• _Task goal_
Return all of the entries exactly, but do not include the pictures.

• _Exercise material_
=== Section Start ===
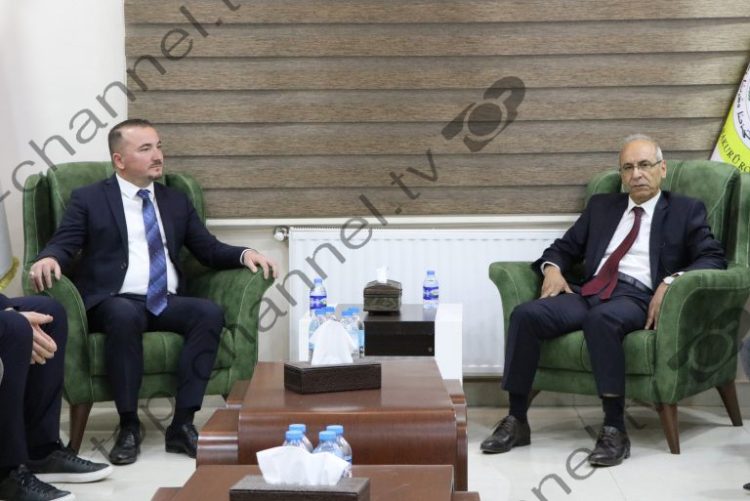Exclusive / Images emerge from the signing of the agreement for the repatriation of 13 Albanians from Syria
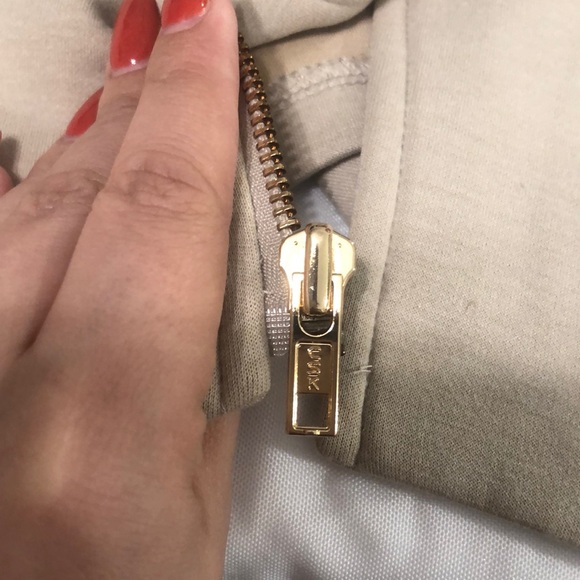 Guess Cream Blazer Asymmetrical Design - Picture 4 of 5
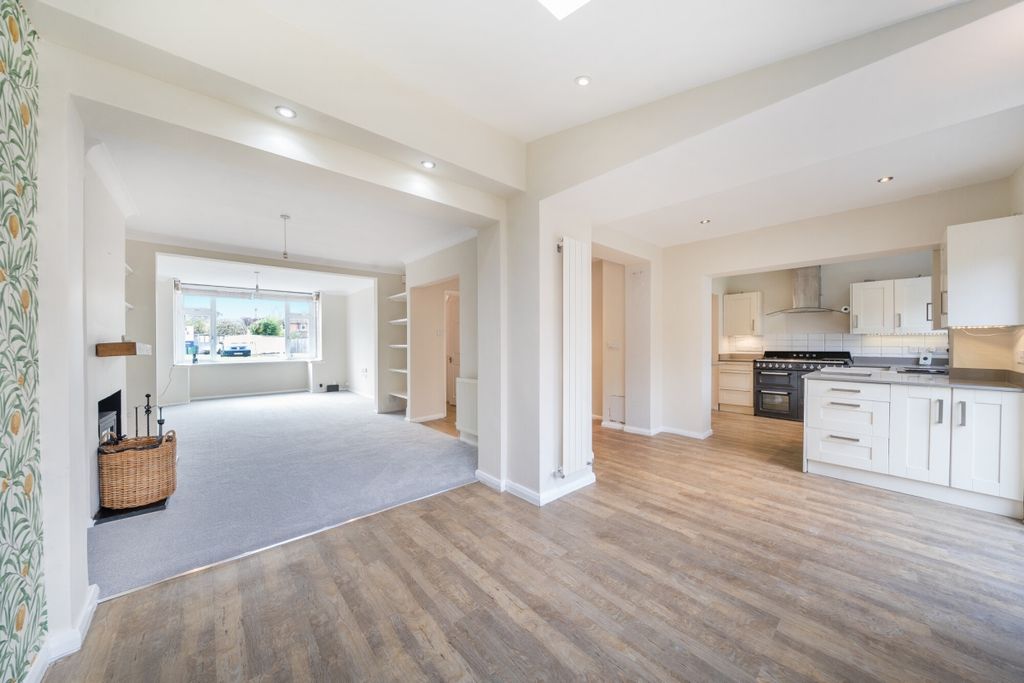 Property photo 2 of 13 Kitchen Breakfast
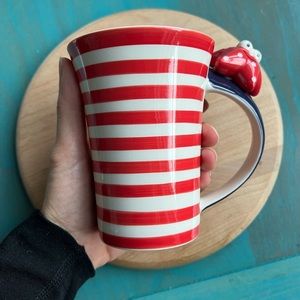 Cracker Barrel Red and White Striped Starfish Coffee Mug. 10 oz.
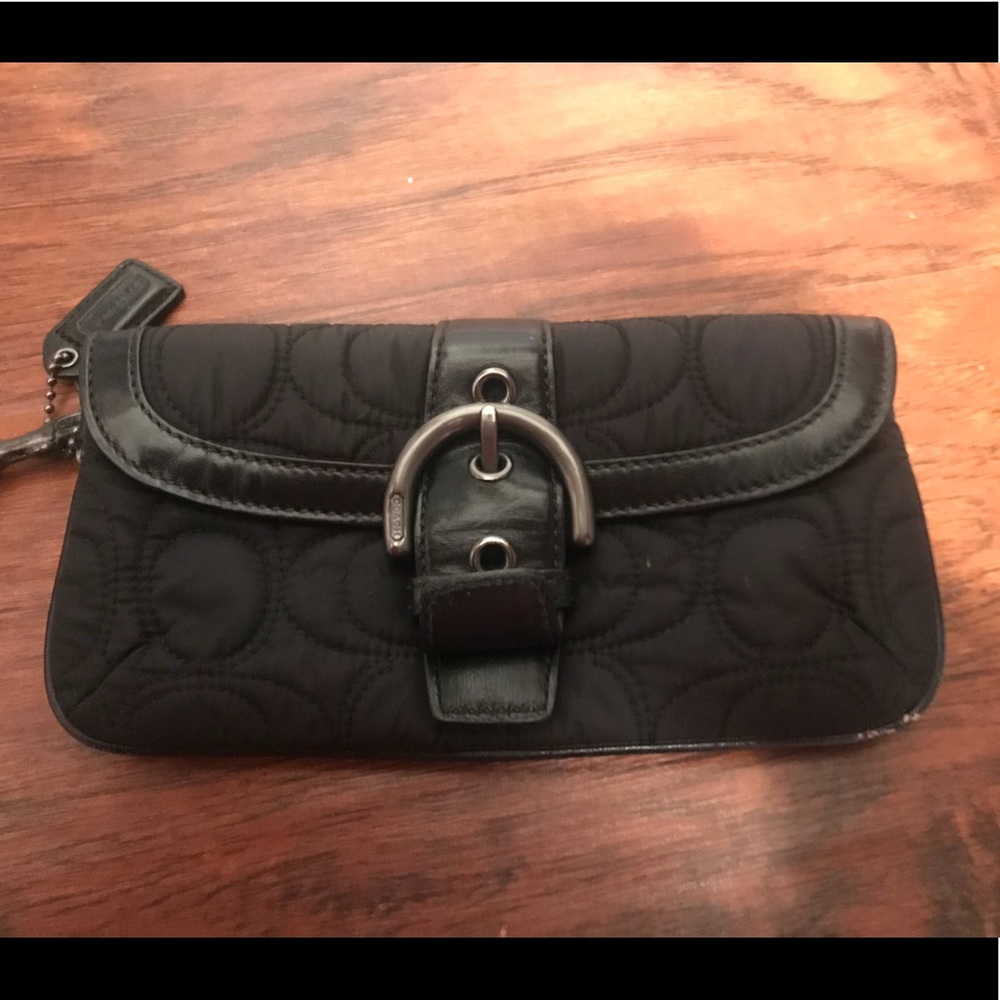 *Never Used* COACH Wristlet in Black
=== Section End ===
• _Result below_
Exclusive / Images emerge from the signing of the agreement for the repatriation of 13 Albanians from Syria
 Guess Cream Blazer Asymmetrical Design - Picture 4 of 5
 Property photo 2 of 13 Kitchen Breakfast
 Cracker Barrel Red and White Striped Starfish Coffee Mug. 10 oz.
 *Never Used* COACH Wristlet in Black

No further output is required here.